[Recorded data]
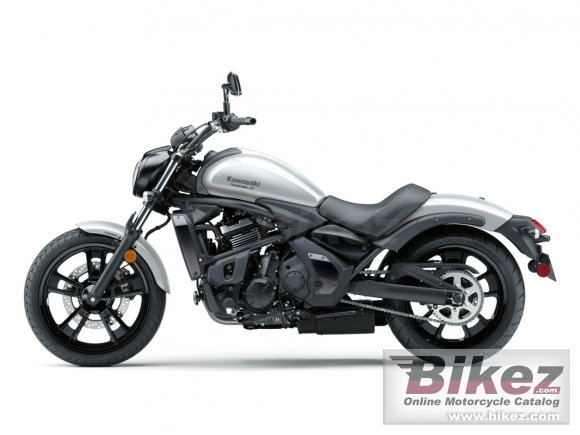 2018 Kawasaki Vulcan S ABS Special Edition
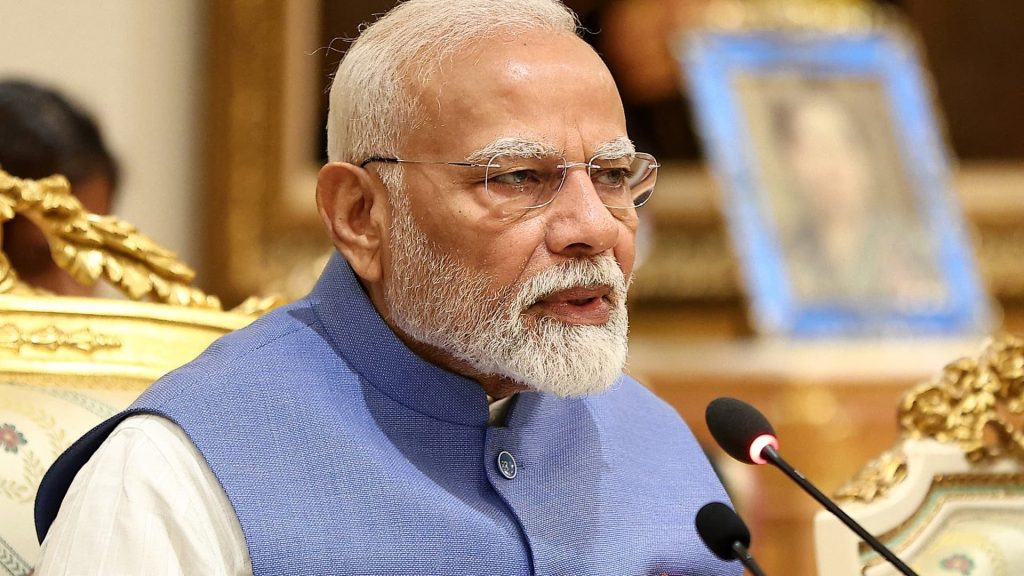 India’s Modi to meet with Trump, Musk as trade tensions mount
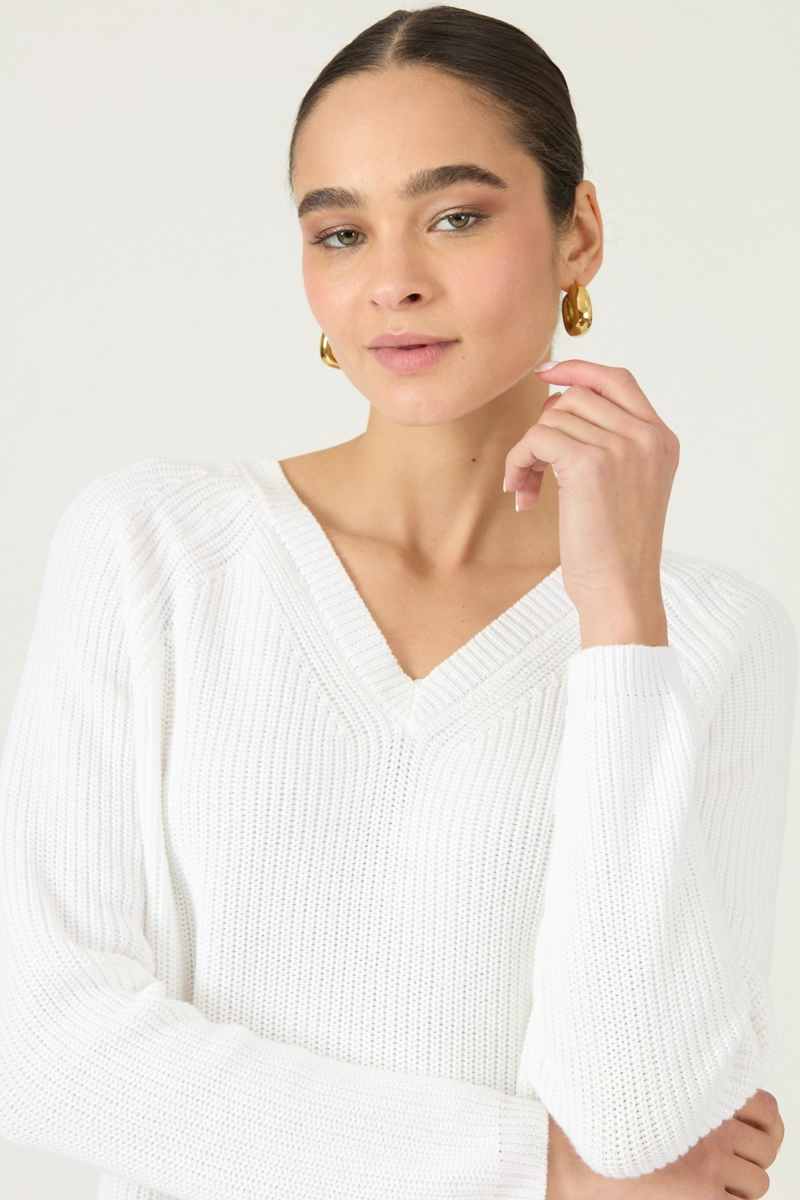 SWEATER BLANCO COD 5405845 - 2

[Required work] Nothing but the lines from the line containing "India’s Modi to" through the last line of the listing above should appear, output exactly, with no pictures.

[Written answer]
 India’s Modi to meet with Trump, Musk as trade tensions mount
 SWEATER BLANCO COD 5405845 - 2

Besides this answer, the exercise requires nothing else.